Re: Auto-vacuum is not running in 9.1.12 - Mailing list pgsql-hackers

From Prakash Itnal
Subject Re: Auto-vacuum is not running in 9.1.12
Date
Msg-id CAHC5u7-1WvP+WQeyJdvbiR62NZeDEkhkzGraM=a94Mai8zoSiA@mail.gmail.com
Whole thread Raw
In response to Re: Auto-vacuum is not running in 9.1.12  (Prakash Itnal <prakash074@gmail.com>)
List pgsql-hackers
Hi Tom/Alvaro,

Kindly let us know if the correction provided in previous mail is fine or not! Current code any way handle scenario-1 whereas it is still vulnerable to scenario-2.

From previous mail:
Scenario-1: current_time (2015) -> changed_to_past (1995) -> stays-here-for-half-day -> corrected to current_time (2015)
Scenario-2: current_time (2015) -> changed_to_future (2020) -> stays-here-for-half-day -> corrected to current_time (2015)

We are waiting for your response.

On Sun, Jun 21, 2015 at 2:56 PM, Prakash Itnal <prakash074@gmail.com> wrote:
Hi,

To my understanding it will probably not open doors for worst situations! Please correct if my below understanding is correct.

The latch will wake up under below three situations:
a) Socket error (=> result is set to negative number)
b) timeout (=> result is set to TIMEOUT)
c) some event arrived on socket (=> result is set to non-zero value, if caller registers for arrived events otherwise no value is set)

Given the above conditions, the result can be zero only if there is an unregistered event which breaks the latch (*). In such case, current implementation evaluates the remaining sleep time. This calculation is making the situation worst, if time goes back. 

The time difference between cur_time (current time) and start_time (time when latch started) should always be a positive integer because cur_time is always greater than start_time under all normal conditions. 

    delta_timeout = cur_time - start_time;

The difference can be negative only if time shifts to past. So it is possible to detect if time shifted to past. When it is possible to detect can it be possible to correct? I think we can correct and prevent long sleeps due to time shifts.

Currently I treat it as TIMEOUT, though conceptually it is not. The ideal solution would be to leave this decision to the caller of WaitLatch(). With my little knowledge of postgres code, I think TIMEOUT would be fine! 


(*) The above description is true only for timed wait. If latch is started with blocking wait (no timeout) then above logic is not applicable.

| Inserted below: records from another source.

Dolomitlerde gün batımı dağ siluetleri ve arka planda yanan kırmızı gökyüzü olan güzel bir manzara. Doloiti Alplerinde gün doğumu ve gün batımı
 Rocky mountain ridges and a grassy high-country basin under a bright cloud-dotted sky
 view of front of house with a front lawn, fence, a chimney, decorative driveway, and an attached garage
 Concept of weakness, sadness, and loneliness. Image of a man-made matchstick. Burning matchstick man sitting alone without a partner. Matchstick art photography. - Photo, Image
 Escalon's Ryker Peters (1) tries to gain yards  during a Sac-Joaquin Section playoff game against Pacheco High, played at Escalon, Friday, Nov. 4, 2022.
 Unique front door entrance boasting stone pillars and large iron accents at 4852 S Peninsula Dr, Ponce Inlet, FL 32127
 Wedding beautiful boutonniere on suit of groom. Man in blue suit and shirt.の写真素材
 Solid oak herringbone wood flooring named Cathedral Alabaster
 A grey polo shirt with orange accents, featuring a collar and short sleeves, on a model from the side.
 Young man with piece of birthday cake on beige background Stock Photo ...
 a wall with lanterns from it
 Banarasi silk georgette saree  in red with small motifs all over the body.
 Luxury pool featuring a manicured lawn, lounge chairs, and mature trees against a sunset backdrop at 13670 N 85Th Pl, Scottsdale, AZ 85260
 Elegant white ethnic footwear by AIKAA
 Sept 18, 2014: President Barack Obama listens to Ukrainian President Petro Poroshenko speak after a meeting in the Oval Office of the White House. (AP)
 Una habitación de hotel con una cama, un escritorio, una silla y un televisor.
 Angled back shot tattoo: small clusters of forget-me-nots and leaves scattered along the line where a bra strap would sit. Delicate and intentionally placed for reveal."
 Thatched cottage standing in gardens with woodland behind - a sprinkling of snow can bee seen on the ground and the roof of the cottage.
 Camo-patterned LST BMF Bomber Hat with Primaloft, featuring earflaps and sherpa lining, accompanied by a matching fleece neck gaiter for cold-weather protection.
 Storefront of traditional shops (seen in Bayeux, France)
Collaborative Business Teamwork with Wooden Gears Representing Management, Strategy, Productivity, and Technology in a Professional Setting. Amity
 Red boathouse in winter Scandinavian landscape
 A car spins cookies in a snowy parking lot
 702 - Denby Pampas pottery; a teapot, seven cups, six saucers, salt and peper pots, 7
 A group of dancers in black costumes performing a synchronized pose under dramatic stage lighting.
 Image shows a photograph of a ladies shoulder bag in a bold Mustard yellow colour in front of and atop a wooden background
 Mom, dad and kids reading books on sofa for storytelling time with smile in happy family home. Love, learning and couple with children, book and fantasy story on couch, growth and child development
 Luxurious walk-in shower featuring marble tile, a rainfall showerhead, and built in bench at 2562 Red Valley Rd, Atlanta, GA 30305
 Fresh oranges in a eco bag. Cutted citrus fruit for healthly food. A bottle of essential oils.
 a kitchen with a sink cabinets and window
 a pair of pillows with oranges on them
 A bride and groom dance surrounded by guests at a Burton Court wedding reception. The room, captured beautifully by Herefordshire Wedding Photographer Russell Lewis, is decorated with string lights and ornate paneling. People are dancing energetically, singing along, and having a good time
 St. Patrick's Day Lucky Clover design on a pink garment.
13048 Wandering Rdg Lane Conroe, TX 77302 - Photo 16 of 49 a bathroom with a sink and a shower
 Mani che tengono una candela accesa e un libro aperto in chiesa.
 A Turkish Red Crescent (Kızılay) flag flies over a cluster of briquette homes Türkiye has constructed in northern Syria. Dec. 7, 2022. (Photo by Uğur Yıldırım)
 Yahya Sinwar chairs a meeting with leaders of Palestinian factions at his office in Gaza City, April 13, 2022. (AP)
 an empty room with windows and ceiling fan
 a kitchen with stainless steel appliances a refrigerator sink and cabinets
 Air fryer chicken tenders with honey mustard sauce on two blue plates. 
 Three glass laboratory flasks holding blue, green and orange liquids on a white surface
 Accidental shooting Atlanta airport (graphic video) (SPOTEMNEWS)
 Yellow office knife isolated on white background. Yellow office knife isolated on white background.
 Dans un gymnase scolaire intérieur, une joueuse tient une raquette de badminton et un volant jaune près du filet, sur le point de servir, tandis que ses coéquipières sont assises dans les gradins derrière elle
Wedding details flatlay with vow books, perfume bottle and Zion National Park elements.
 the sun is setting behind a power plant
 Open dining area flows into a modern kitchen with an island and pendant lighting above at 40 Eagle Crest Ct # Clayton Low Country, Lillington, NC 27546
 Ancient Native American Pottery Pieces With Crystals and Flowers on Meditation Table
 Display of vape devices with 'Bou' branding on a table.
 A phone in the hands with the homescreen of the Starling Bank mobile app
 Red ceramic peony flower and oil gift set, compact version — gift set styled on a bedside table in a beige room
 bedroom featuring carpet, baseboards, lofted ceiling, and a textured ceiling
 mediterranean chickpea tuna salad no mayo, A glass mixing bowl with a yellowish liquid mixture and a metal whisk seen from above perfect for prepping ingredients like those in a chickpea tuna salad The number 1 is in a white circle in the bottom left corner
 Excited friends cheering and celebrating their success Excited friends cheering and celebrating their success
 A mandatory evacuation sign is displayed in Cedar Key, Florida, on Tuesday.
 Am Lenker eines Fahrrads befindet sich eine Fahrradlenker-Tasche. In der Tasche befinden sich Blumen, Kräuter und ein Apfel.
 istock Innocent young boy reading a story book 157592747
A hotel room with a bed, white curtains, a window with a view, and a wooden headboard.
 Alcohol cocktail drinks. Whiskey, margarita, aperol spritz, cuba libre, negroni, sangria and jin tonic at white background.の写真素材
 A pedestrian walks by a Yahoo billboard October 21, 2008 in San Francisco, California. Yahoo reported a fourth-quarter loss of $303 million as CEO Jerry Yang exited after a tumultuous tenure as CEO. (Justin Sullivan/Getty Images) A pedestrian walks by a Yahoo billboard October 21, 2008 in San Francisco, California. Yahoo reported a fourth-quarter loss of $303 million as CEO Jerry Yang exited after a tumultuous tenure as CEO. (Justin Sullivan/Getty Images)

On Sat, Jun 20, 2015 at 10:01 PM, Tom Lane <tgl@sss.pgh.pa.us> wrote:
Prakash Itnal <prakash074@gmail.com> writes:
> Sorry for the late response. The current patch only fixes the scenario-1
> listed below. It will not address the scenario-2. Also we need a fix in
> unix_latch.c where the remaining sleep time is evaluated, if latch is woken
> by other events (or result=0). Here to it is possible the latch might go in
> long sleep if time shifts to past time.

Forcing WL_TIMEOUT if the clock goes backwards seems like quite a bad
idea to me.  That seems like a great way to make a bad situation worse,
ie it induces failures where there were none before.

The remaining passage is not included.